1. Introduction

Ground improvement is a general term used for the modification of soil to enhance the strength and other engineering properties. There are many methods of ground improvement such as using additives (like cement, lime et cetera) and compaction (both static and dynamic). Geogrids represent a rapidly growing segment within geosynthetics. Rather than being woven, non-woven or knitted textile fabric, geogrids are plastics formed into a very open gridlike configuration. Geogrids are formed in three ways: 1) stretched in one or two directions for improved physical properties, 2) made on weaving or knitted machinery by standard and well established methods and then coated, or 3) made by bending rods or straps together. Geogrids mostly function exclusively as reinforcement material [1].

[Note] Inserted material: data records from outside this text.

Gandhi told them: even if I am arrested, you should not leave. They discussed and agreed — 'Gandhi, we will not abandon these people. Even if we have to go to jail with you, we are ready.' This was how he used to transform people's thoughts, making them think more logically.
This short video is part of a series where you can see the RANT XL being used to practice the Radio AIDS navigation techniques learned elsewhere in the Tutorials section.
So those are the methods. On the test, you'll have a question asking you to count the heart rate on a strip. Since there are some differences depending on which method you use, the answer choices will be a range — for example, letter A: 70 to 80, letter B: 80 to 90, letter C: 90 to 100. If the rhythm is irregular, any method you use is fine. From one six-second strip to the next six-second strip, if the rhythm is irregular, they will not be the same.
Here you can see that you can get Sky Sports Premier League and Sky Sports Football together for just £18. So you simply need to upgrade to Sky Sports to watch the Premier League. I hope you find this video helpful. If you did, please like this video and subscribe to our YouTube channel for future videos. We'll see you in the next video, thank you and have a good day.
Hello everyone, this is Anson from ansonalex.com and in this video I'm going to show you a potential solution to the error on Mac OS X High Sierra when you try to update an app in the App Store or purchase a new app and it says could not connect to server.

In order to determine the exact effect of geosynthetics on road pavements the placement of the geotextiles within the layers is vital, therefore the need to know how to achieve maximum California Bearing Ratio (CBR) with geotextile positioning and strength. Also, the strength of geosynthetic material to achieve given strength increase is always desirable. The aim of this research was to study the effect of placement of a geogrid material in a selected lateritic soil, on the strength of the soil; the specific objectives were the following, (a) To determine the effect of strength of geogridon the California Bearing Ratio of a lateritic soil material under soaked and unsoaked conditions, (b) To study the variation of geogrid reinforced material with penetration under static loading.

2. Literature Review

Geosynthetic is defined as a planar product manufactured from a polymeric material that is used with soil, rock, or other geotechnical-related material as an integral part of a civil engineering project, structure, or system. Most of the geosynthetics are made from synthetic polymers of polypropylene, polyester, or polyethylene. Geotextile is a permeable geosynthetic made of textile materials. Geotextile type is determined by the method used to combine the filaments or tapes into the planar structure [2].

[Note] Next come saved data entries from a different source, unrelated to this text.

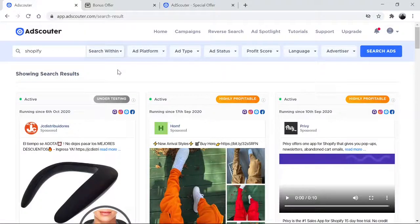Hi, everyone. This is Lawrence. I have a new review for you. It's called Ad Scouter.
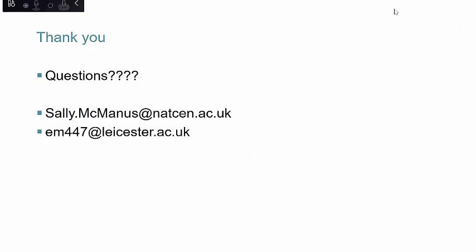Thanks — those were really good presentations. We have about six questions so far, and we should have until three o'clock to answer them. If you can't see where to type questions, look at the top right of your screen for a red box with a white arrow — click that to type questions in. First question from Amy: can you talk a little more about the Data Access Request Service and when we need to ask for permission versus when we can use the data straight from the UK Data Service website?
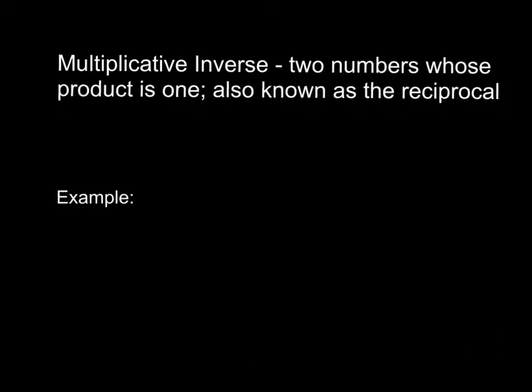The vocabulary word today is the multiplicative inverse, which is two numbers whose product is 1, also known as the reciprocal.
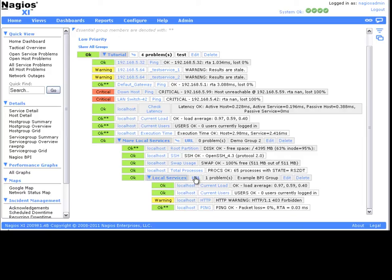Welcome back to Nagios XI's self-paced training. In this tutorial, we're going to look at how to install and utilize Nagios Business Process Intelligence in XI.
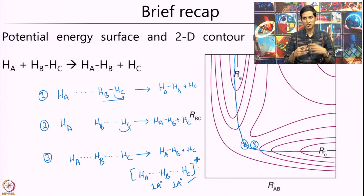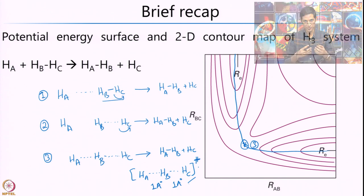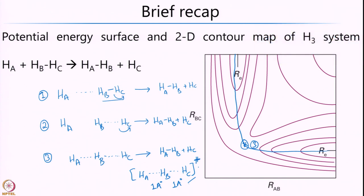I hope this refreshes your memory on potential energy surfaces and on the different pathways or trajectories one can follow on a 2-dimensional contour of the H3 system. Having looked at this, now what we shall go ahead and do is look at a little more salient features of this particular system.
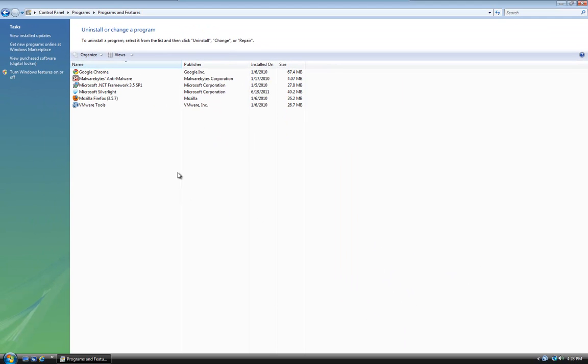There we go. CCleaner has now been uninstalled and we can install a later version or just clear out a system and remove that program. So that's how we remove programs from Windows. I'd like to thank you for viewing.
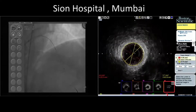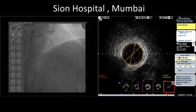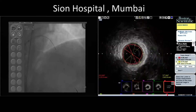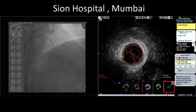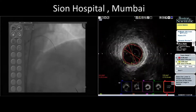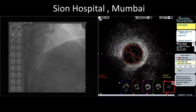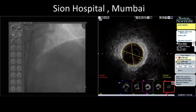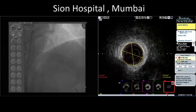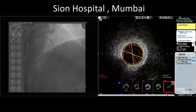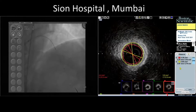Put a 2.75. And the proximal portion we will dilate with a 3.5 maybe — Miras 2.75x29. So we have Miras 2.75x29.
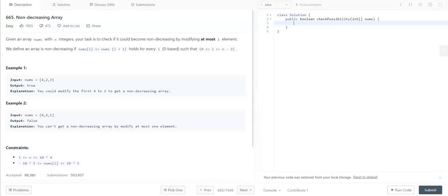Hi there, hope you are doing well. Today we are going to solve the non-decreasing array problem, which is a LeetCode easy problem.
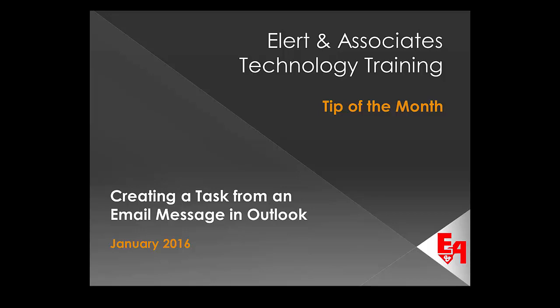In this Ellerton Associates Technology Training Tip of the Month, we'll be looking at creating a task from an email message in Outlook.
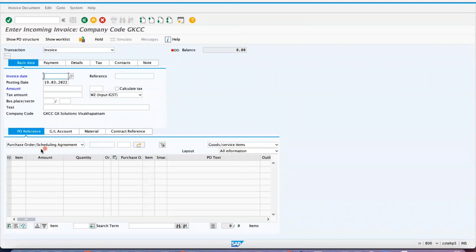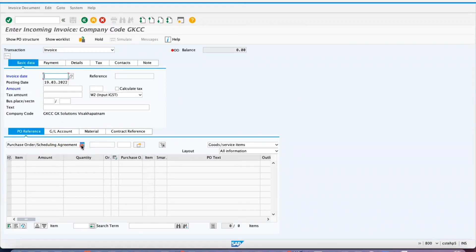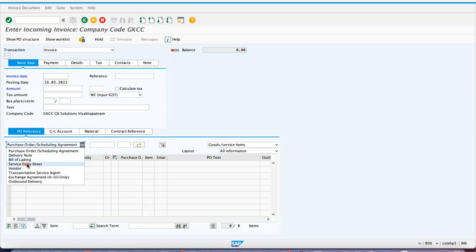If you go to MIRO, what are the reference documents you can create an invoice against? You can create against a purchase order or scheduling agreement, a delivery note which is given in goods receipt, and a bill of lading which we give during inbound delivery or goods receipt.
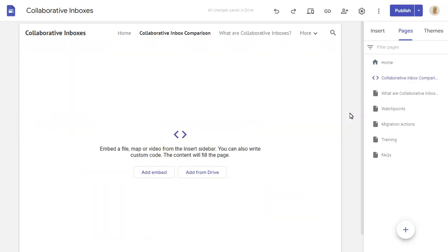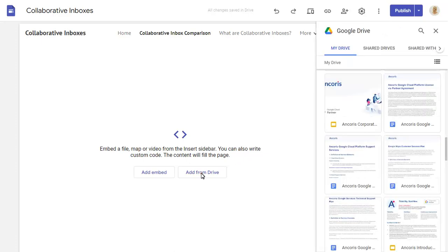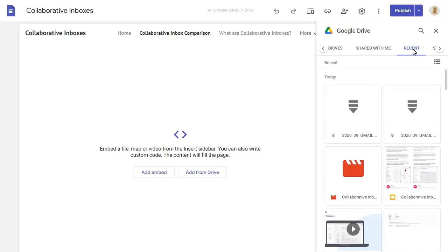You can embed code here, or a document from Drive, which we'll do now. Click on Insert to add your content.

[1] states that the first use of fabrics in reinforcing roads was attempted by the South Carolina Highway Department in 1926. A heavy cotton fabric was placed on a primed earth base, hot asphalt was applied to the fabric, and a thin layer of sand was put on the asphalt. The department published the results of this work in 1935, describing eight separate field experiments until the fabric deteriorated, the results showed that the roads were in good condition and that the fabric reduced cracking, raveling and localized road failures. This project was certainly the forerunner of the separation and reinforcement functions of geosynthetic materials as we know them today. There are specific types of geosynthetics: geotextiles, geogrids, geonets, geomembranes, geosynthetic-clay liners, geofoams and geocomposites [1].

Geogrids consist of heavy strands of plastic materials arranged as longitudinal and transverse elements to outline a uniformly distributed and relatively large grid-like array of apertures in the resulting sheet. These apertures allow direct contact between soil particles on either side of the sheet [3]. Geogrids are characterized by integrally connected elements within-plane apertures (openings) uniformly distributed between the elements. The apertures allow the soil to fill the space between the elements, thereby increasing soil interaction with the geogrid and ensuring unrestricted vertical drainage. Their applications are not only in highway, but also in railroad track construction and rehabilitation [4].

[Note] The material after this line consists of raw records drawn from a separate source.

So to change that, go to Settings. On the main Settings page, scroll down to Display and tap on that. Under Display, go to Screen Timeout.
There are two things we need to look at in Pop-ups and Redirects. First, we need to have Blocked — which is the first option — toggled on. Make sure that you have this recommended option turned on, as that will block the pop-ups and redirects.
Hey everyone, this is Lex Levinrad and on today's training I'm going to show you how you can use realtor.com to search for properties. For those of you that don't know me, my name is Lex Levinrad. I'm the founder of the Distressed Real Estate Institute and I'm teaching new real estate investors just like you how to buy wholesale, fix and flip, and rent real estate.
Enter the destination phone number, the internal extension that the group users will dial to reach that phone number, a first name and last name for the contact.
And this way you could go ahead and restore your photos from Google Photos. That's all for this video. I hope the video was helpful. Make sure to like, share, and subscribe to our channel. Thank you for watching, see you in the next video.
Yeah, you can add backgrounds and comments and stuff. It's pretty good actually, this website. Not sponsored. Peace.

Geogrids have been used successfully in pavement layer studies; [5] placed geogrid between gravel base course and sand subgrade and showed the increase in CBR value of the subgrade material. Gosavi et al, [6] also investigated the strength behavior of soils reinforced with mixed geogrid woven fabric and showed that the soaked CBR without the geogrid was about 4.9% and after application of the geogrid test results showed an improvement in the CBR value. Naeini and Moayed, [7] indicated that using a geogrid at top of the layer 3 in a soil sample with different plasticity index causes a considerable increase in the CBR value compared with unreinforced soil in both soaked and unsoaked conditions. In order to quantify the amount of increase in the penetration resistance, the reinforcement ratio is taken into consideration. The reinforcement ratio according to [1] is defined as the ratio of the Load with the geotextile to the Load without the geotextile.

2.1. Product Specifications for a Typical Triax Geogrid

By examining all the design characteristics of a geogrid, through testing and research, certain factors were identified to affect its performance. These are the profile of the rib section, rib thickness, junction efficiency, aperture size and stiffness. Rigorous testing has been conducted in line with the rib directions of the geogrid. In each direction tested, the junction strength was found to be essentially equal to rib strength giving a junction efficiency of 100%. Biaxial geogrids have tensile stiffness predominantly in two directions. Triaxial (TriAx) geogrids on the other hand have three principal directions of stiffness, which are further enhanced by their rigid triangular geometry. This produces a significantly different structure than any other geogrid and provides high stiffness through 360 degrees, a truly multi-directional product with near isotropic properties [8].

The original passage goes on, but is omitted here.